Information shown:
+--
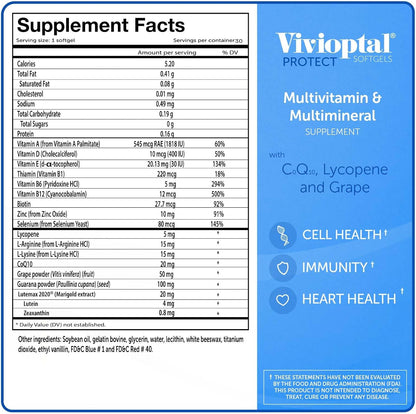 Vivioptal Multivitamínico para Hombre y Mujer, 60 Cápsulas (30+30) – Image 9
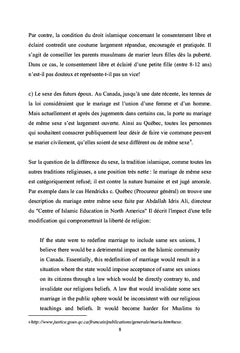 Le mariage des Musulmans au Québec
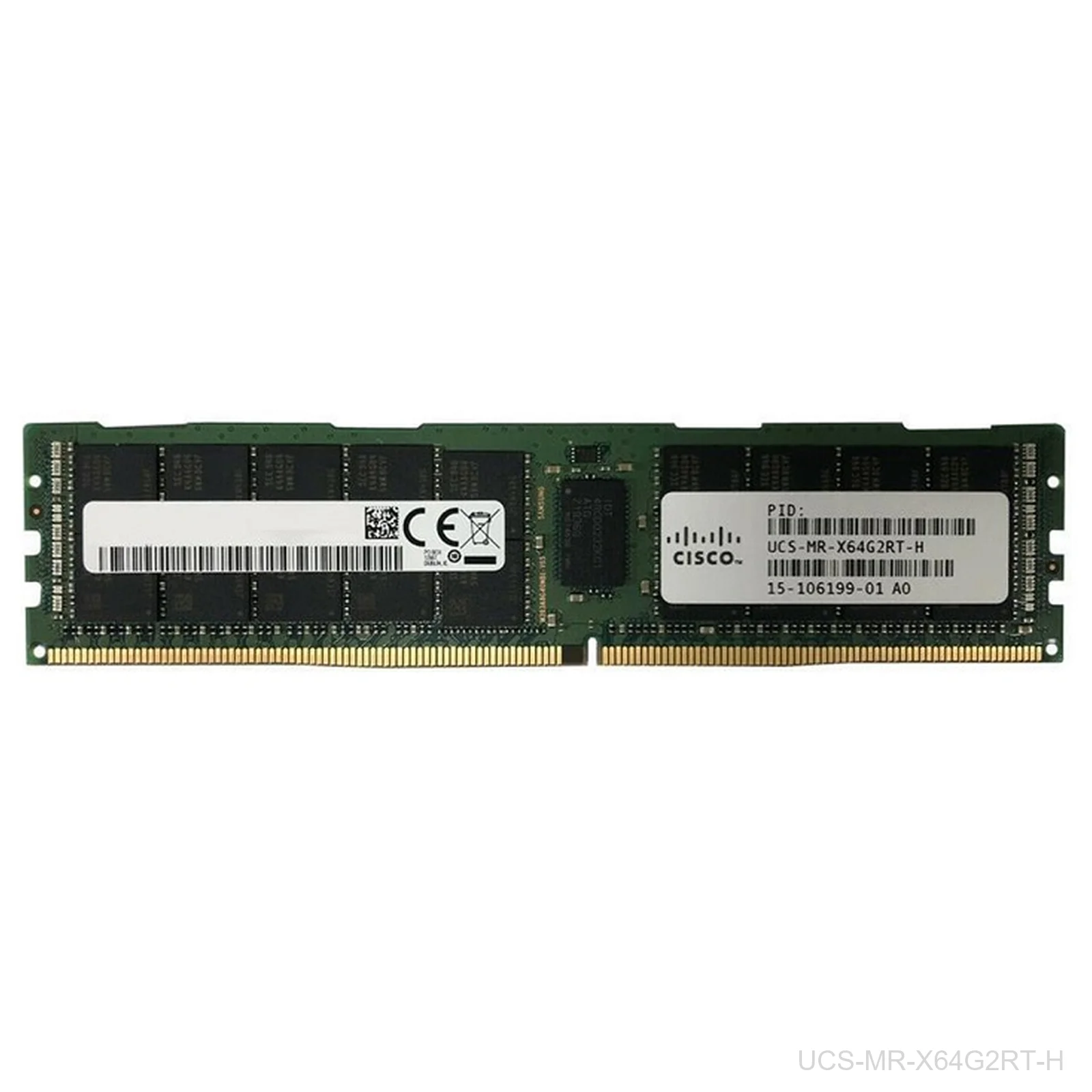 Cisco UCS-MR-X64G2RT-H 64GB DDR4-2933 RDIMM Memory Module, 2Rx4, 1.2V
+--
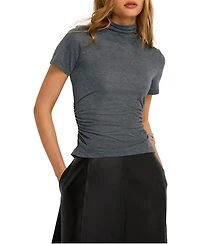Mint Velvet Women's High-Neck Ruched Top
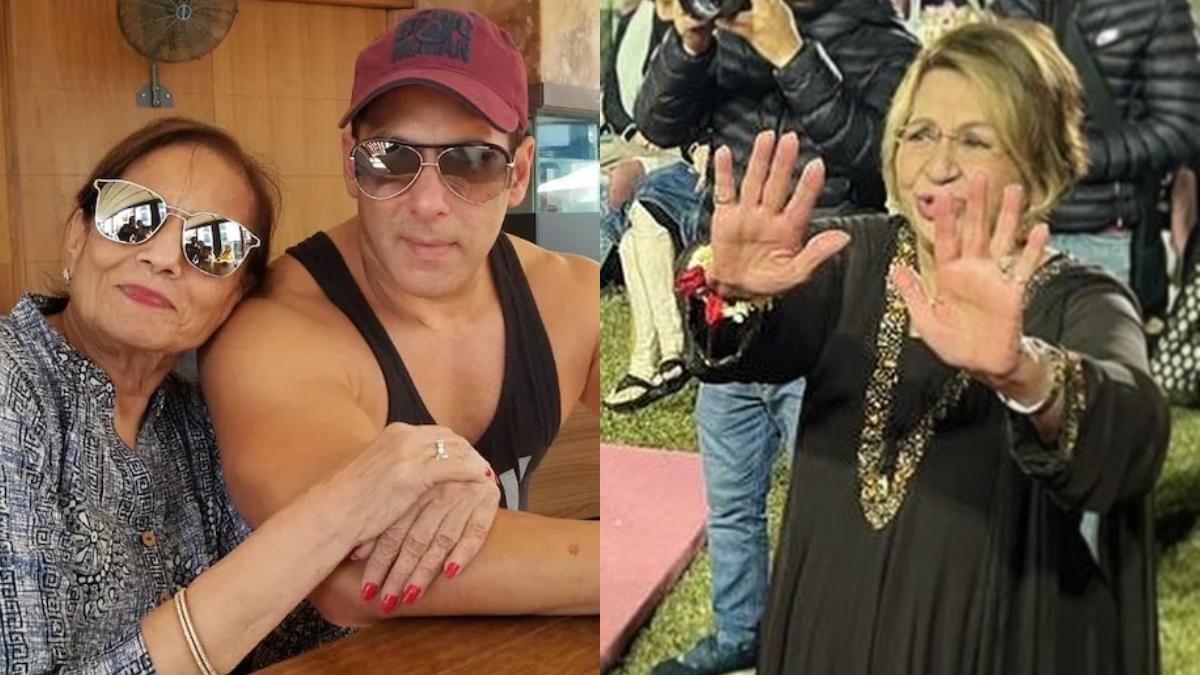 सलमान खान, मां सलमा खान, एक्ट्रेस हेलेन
+--
What the task asks:
Please transcribe exactly the part of the records that opens with the line containing "Vivioptal Multivitamínico para" and closes with the line containing "Cisco UCS-MR-X64G2RT-H 64GB", both ends included, and leave out the pictures.

Result for this task:
 Vivioptal Multivitamínico para Hombre y Mujer, 60 Cápsulas (30+30) – Image 9
 Le mariage des Musulmans au Québec
 Cisco UCS-MR-X64G2RT-H 64GB DDR4-2933 RDIMM Memory Module, 2Rx4, 1.2V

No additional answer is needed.